A desperate man (Daniel Day-Lewis) goes on a dark journey in Paul Thomas Anderson’s epic THERE WILL BE BLOOD
THERE WILL BE BLOOD (Paul Thomas Anderson, 2007)
Museum of the Moving Image
35th Ave. at 36th St., Astoria
Saturday, July 27, 5:30, and Sunday, July 28, 1:00, free with museum admission
718-777-6800
www.movingimage.us
www.miramax.com
Daniel Day-Lewis gives a spectacular, Oscar-winning performance as an independent oil man in Paul Thomas Anderson’s There Will Be Blood. Day-Lewis, in remarkable voice, absolutely embodies Daniel Plainview, a determined, desperate man digging for black gold in turn-of-the-century California. His first strike comes at a heavy price as he loses one of his men in a tragic accident, so he adopts the worker’s infant son, raising H.W. (Dillon Freasier) as his own. The growth of his company leads him to Little Boston, a small town that has oil just seeping out of its pores. But after not allowing Paul Sunday (Paul Dano), the charismatic preacher who runs the local Church of the Third Revelation, to say a prayer over the community’s first derrick, Plainview begins his descent into hell.
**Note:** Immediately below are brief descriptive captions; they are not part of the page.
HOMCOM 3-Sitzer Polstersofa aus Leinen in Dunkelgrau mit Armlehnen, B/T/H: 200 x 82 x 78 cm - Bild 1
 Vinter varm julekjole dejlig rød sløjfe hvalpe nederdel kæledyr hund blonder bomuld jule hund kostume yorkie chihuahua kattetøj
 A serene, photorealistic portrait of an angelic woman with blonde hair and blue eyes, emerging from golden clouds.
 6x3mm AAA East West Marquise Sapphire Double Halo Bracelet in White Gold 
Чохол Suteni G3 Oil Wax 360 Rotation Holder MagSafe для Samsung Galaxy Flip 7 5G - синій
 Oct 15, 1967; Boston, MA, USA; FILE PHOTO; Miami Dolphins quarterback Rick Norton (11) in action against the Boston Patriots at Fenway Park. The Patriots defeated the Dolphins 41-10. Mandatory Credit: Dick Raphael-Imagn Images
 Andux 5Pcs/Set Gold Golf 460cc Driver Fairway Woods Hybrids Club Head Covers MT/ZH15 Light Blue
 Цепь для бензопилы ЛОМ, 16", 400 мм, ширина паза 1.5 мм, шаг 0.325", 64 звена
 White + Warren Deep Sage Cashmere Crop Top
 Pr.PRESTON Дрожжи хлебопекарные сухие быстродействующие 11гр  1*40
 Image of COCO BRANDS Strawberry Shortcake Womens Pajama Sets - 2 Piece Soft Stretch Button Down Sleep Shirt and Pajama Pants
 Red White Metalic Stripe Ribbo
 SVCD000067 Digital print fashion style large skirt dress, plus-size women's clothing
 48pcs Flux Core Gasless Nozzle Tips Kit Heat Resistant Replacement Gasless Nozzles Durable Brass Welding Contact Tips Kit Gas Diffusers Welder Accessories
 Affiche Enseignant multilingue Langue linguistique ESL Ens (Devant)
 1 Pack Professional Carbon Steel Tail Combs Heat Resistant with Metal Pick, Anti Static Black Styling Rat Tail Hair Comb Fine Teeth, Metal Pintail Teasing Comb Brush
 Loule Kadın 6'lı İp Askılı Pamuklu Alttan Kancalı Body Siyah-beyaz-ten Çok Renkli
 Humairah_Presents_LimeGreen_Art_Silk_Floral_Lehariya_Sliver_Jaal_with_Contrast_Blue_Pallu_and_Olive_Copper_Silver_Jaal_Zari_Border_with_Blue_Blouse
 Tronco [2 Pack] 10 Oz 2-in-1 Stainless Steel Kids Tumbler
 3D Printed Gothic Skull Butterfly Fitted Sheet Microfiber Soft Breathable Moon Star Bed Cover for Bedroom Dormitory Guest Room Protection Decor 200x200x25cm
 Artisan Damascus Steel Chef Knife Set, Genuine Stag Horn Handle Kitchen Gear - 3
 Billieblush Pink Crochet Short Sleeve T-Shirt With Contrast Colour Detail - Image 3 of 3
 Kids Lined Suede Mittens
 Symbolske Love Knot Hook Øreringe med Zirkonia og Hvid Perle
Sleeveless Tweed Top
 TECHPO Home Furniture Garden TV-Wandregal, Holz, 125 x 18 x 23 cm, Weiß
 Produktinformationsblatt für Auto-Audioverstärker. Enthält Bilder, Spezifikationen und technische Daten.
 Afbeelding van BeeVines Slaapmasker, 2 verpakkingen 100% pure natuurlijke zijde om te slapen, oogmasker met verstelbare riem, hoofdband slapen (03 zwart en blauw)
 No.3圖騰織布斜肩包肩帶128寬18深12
Using Upton Sinclair’s 1927 novel Oil! as a starting point (and employing echoes of Orson Welles’s Citizen Kane and The Magnificent Ambersons in addition to the obvious reference, George Stevens’s classic 1956 oil flick Giant), writer-director Anderson (Boogie Nights, The Master) has created a thrilling epic about greed, power, and corruption as well as jealousy, murder, and, above all, family, where oil gushes out of the ground with fire and brimstone. Robert Elswit’s beautiful, Oscar-winning cinematography is so gritty and realistic, audiences will be reaching for their faces to wipe the oil and blood off. The piercing, classically based score, composed by Radiohead guitarist Jonny Greenwood, builds to a mind-blowing crescendo by the end of the film — a finale that is likely to be much talked about and widely criticized. Filmed in the same location — Marfa, Texas — where Giant was set, There Will Be Blood is an unforgettable journey into the dark heart of one man’s soul. The film is screening in a DCP projection July 27 at 5:30 and July 28 at 1:00 as part of the Museum of the Moving Image series “See It Big! The American Epic,” which continues July 28 at 4:30 with longtime Christian Science Monitor film critic Peter Rainer introducing Charles Laughton’s The Night of the Hunter, followed by a book signing of his new Rainer on Film: Thirty Years of Film Writing in a Turbulent and Transformative Era.